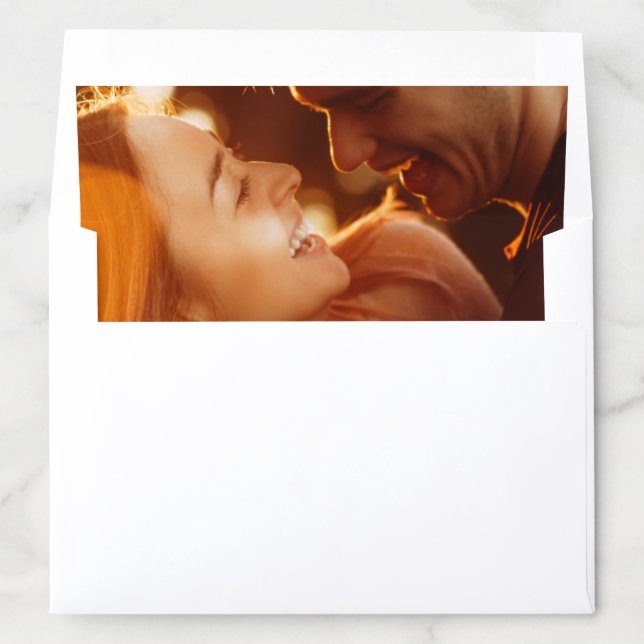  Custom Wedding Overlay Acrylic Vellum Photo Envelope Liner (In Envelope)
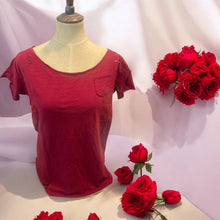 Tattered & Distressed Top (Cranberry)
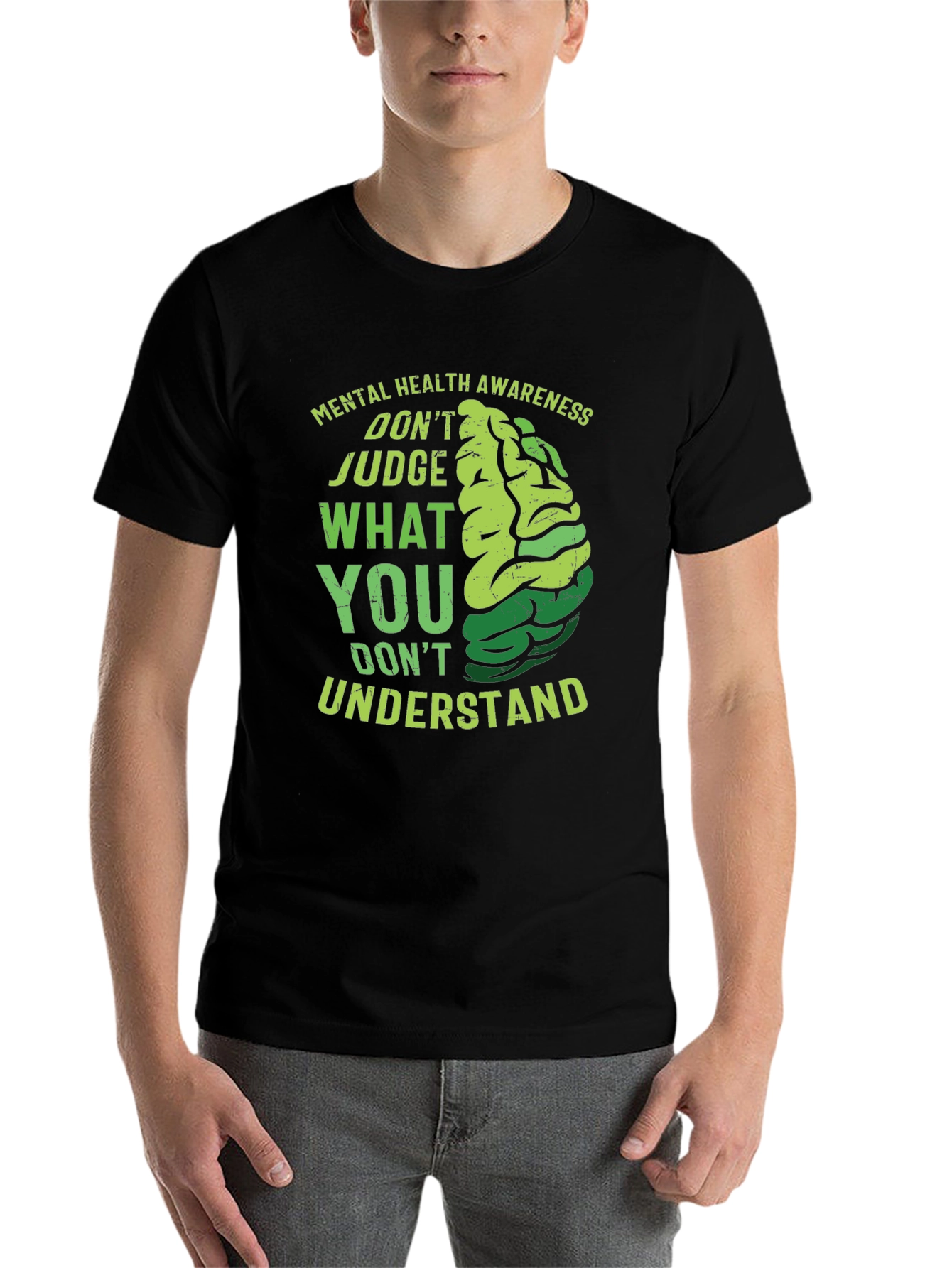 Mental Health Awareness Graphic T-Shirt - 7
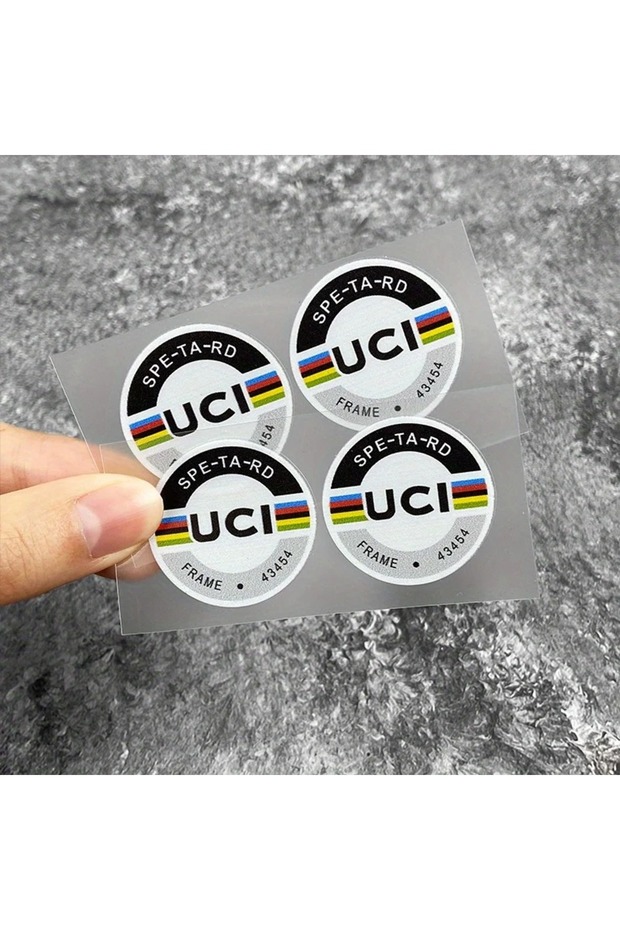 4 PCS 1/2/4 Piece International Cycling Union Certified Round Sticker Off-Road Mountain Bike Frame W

■ ■ ■ ■ ■

Make an exact reproduction of the listing above, without any pictures.

**COMPLETED TASK:**
  Custom Wedding Overlay Acrylic Vellum Photo Envelope Liner (In Envelope)
 Tattered & Distressed Top (Cranberry)
 Mental Health Awareness Graphic T-Shirt - 7
 4 PCS 1/2/4 Piece International Cycling Union Certified Round Sticker Off-Road Mountain Bike Frame W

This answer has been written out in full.